3 nov 2000

La vida cambia de generación en generación. Los nobles y plebeyos del siglo XVI se echaban las manos a la cabeza con la conducta de sus hijos. Lo narra Ivo Andric en "Un puente sobre el Drina", donde traza la historia de la ciudad bosnia de Visegrad, en la que musulmanes, serbios y judíos se sorprenden con la dificultad de los jóvenes para conservar inalterables las costumbres. No necesitamos viajar al costado de Europa para constatar que los adultos siempre suspiran ante los cambios irreversibles en la manera de vivir de sus hijos; basta observar a nuestras familias.
Mi abuela, por hablar de mi árbol genealógico, apenas fue al colegio. Recibía las lecciones en casa junto a sus hermanos. En el chalé de la calle O'donell había habitaciones para que los niños se aplicaran en los pupitres, un gimnasio donde -instruidos por un viejo boxeador caribeño- practicaban ejercicios, y un parque (además del Retiro) en el que se desfogaban de los libros. Sus padres consideraban más importantes los juegos que hacer de los niños futuros hombres de negocios, desenfado que aún se nota en el divertido carácter de mi abuela. Si bien sentía adoración por sus padres, les veía poco y a horas establecidas, cuando, por ejemplo, les acompañaba de visita a casa de parientes a los que era obligado tratar. La Guerra Civil arrasó aquel paraíso urbano, y la furia de los milicianos obligó a que la familia se hiciera una piña, dando comienzo un trato más intenso bajo el zumbido de las balas.
Mi madre, de niña, no necesitó una guerra para tratar más con sus progenitores, pero desayunaba, comía, merendaba y cenaba en otro comedor, junto con sus hermanos y las clásicas tatas. Estudió en el colegio, y tenía dos momentos reservados para sus padres: al final de la mañana y antes de dormir, sin que variara demasiado la costumbre durante el fin de semana. Sólo en el verano se olvidaban de formalismos aunque, gracias a las amas y a las señoritas de compañía, los niños iban a bañarse al río, a cazar ranas o a dormir la siesta en horarios que no perturbaran ni el descanso ni las conversaciones de los mayores.

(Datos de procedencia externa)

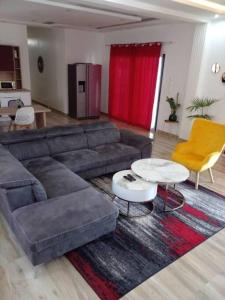 恩加帕鲁Paradis的客厅配有沙发和桌子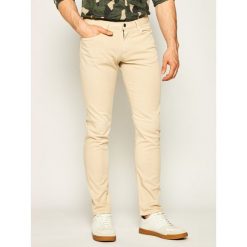 Spodnie materiałowe Emporio Armani 3H1J06 1N4ZZ 0128. Brązowe jeansy męskie Emporio Armani, m, bez wzorów, z elastanu. W wyprzedaży za 399,00 zł.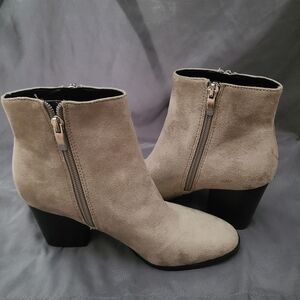 Nordstrom Tan Ankle Boots with Side Zipper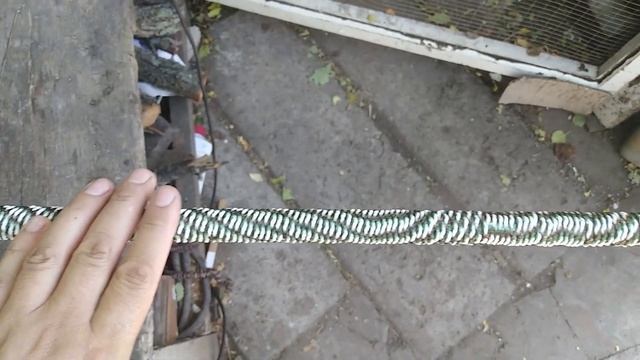 КАК СДЕЛАТЬ ПРУЖИНУ С ПЛАСТИКОВОЙ БУТЫЛКИ - HOW TO MAKE A SPRING FROM A PLASTIC BOTTLE смотреть онлайн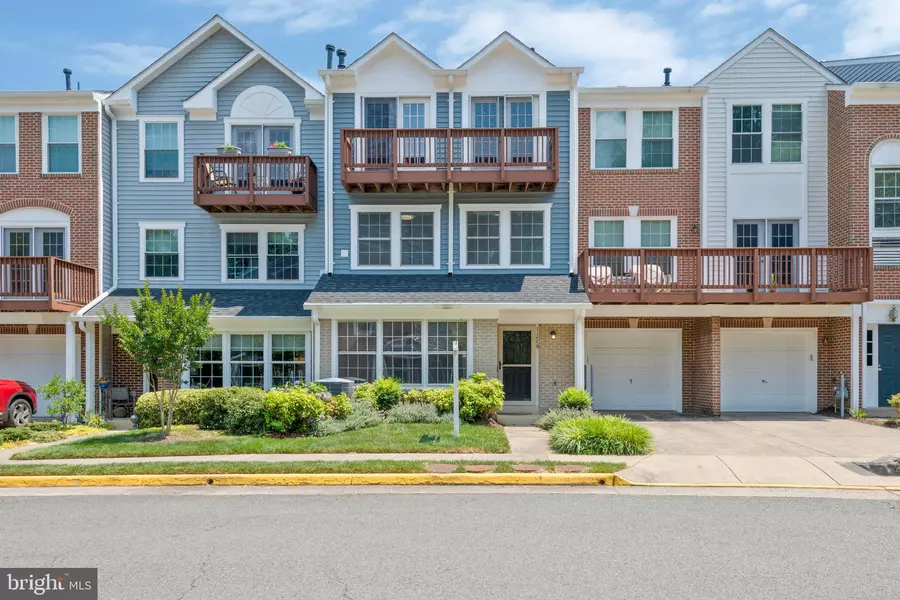 11779 ROCKAWAY LN #52, Fairfax, VA 22030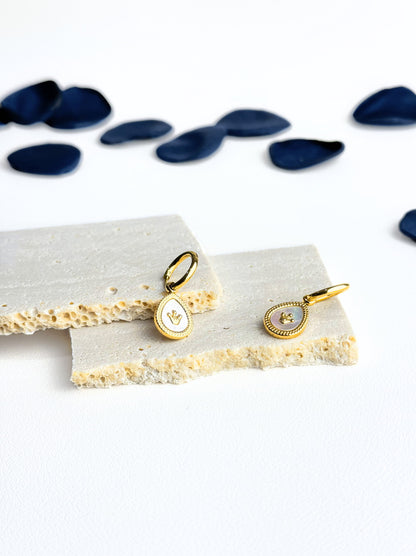 Pearlescent gold steel hoops with crown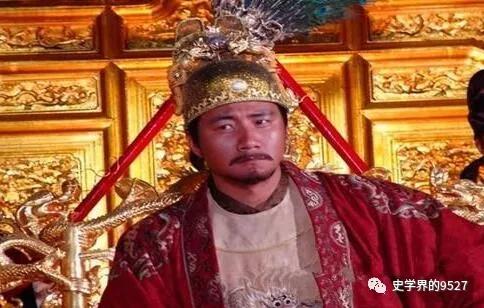 刘伯温|朱元璋请大臣吃饭，让人端上四个硬菜，刘伯温大惊道：我们死定了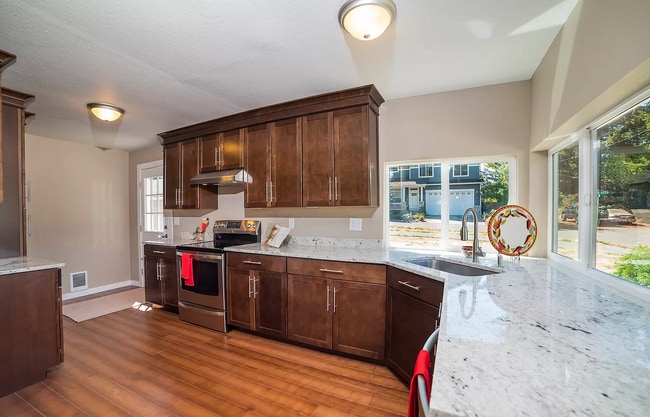 Kitchen on the Main - 1426 Queen Ave NE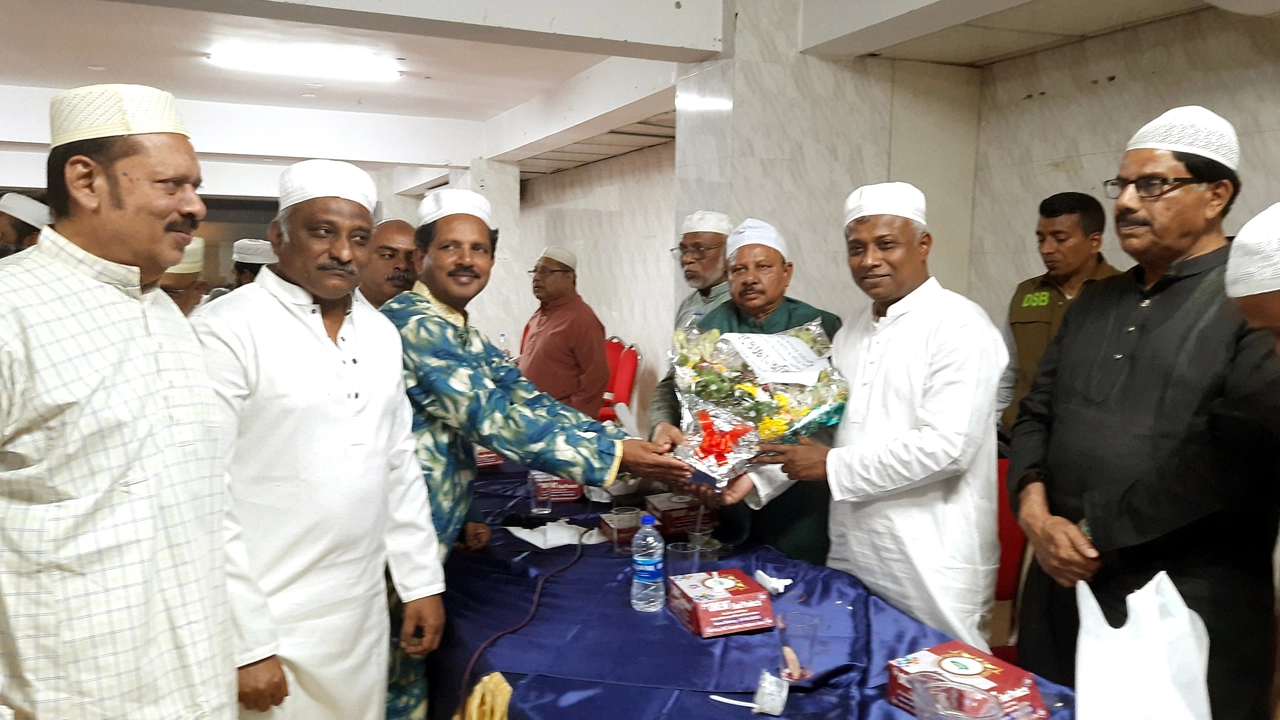 প্রতিমন্ত্রী অমিন্দ্য ইসলাম অমিতকে ফুলেল শুভেচ্ছা জানান যশোর সংবাদপত্র পরিষদের নেতৃবৃন্দ। ছবি: গ্রামের কাগজ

Cuando nací los pisos no disponían de dos comedores, así que los niños sólo teníamos la cocina como apeadero para almorzar con gritos, lloros y demoras. Dispusimos de una maravillosa mujer que cuidaba de los cinco, pero cuando marchó para casarse mi madre no contrató sustituta, porque el sueldo de mi padre no se podía estirar más. A partir de entonces, se nos abrió la puerta del cuarto de dormir y jugar, y fuimos ocupando el resto de la casa.

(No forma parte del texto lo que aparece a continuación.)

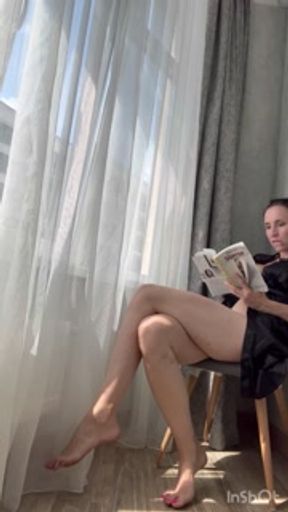 Pink of a well-read girl! Jerking off at the window! Neighbor, can you see me?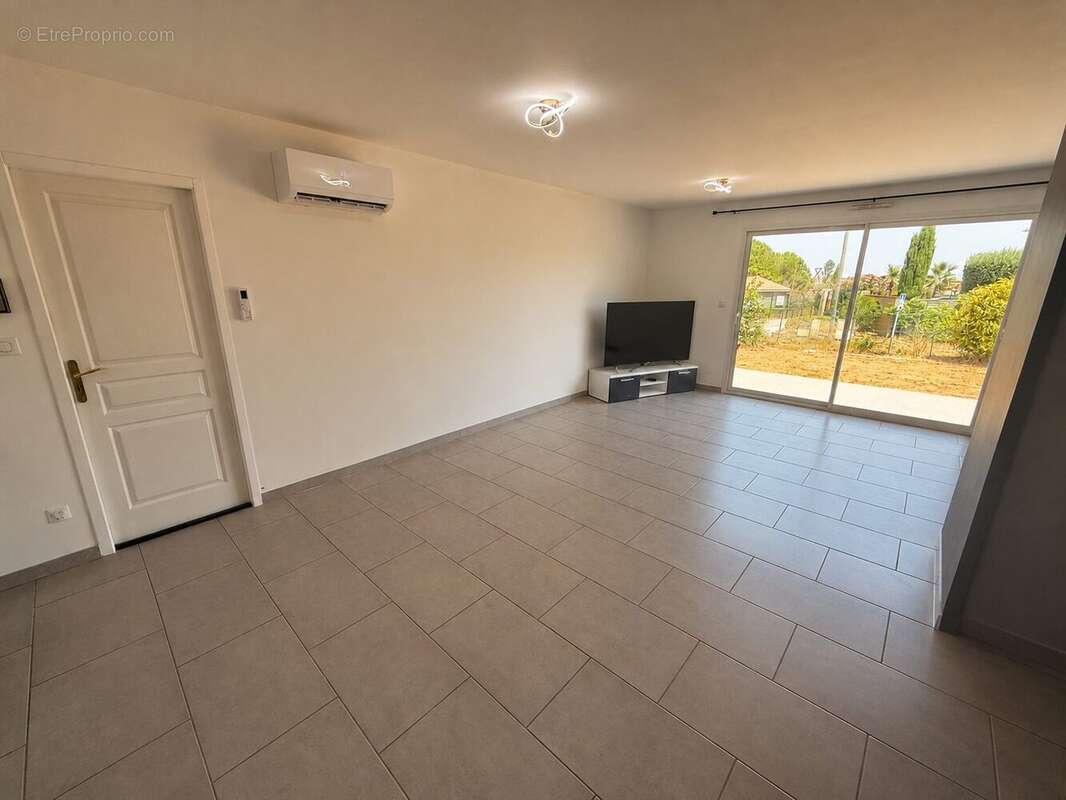 Maison 93 m² à Floure  - photo 6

En la última rama del árbol, la de nuestros hijos, no existen las tatas ni las amas de cría. A lo sumo una chica venida del otro lado del mundo que, además de la limpiar el piso y cocinar, hace lo que puede para cuidar a los niños mientras los padres luchamos en la oficina. Los pisos ni siquiera tienen comedor, a pesar de que cuestan proporcionalmente como los palacios de antaño, sino una habitación multiuso donde se come, se juega, se lee el periódico, se ve la televisión, se esparcen migas de pan, se conversa con los amigos, se discute, se ríe, se restriegan los sillones con piruleta, se echan unas manos de cartas, se cose, se hacen cenas de negocios, se dibujan las paredes con rotulador y aun todo lo imaginable. Los peques van al colegio antes de aprender a hablar, pero los fines de semana, cuando la chica descansa, entran en el dormitorio de los padres a las ocho de la mañana. Mientras el marido sale al parque con ojeras, niños, triciclos y bicicletas, la mujer aprovecha para hacer las camas y poner una olla en el fuego, y mientras la mujer echa una cabezada después del almuerzo, el marido saca el lavaplatos u ordena los armarios.

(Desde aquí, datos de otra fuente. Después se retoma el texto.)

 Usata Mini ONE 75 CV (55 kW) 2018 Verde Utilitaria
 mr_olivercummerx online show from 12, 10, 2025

Es inútil suspirar esa insatisfacción que asegura que todo tiempo pasado fue mejor, a pesar de que mi abuela insista en lo divertida que era la gimnasia con el boxeador "negrito", o que para mi madre los niños se entretuviesen más en los cuarenta, gracias a las muñecas de cartón-piedra y a los juguetes de latón. Yo también tengo mis nostalgias de infancia: me entristece lo difícil que resulta que nuestros hijos vean una vaca, compren golosinas con cinco pesetas o disfruten una tarde en la sesión continua de un cine de barrio. Pero la vida es así, con sus cambios. Puede que el roce continuo de padres e hijos nos haga a todos mejores, pues los adultos recuperan a la fuerza la candidez del comienzo de la vida, y los niños descubren mucho antes que sus progenitores no pueden cazar las estrellas, pero que a cambio les entregan hasta la última gota de su ser.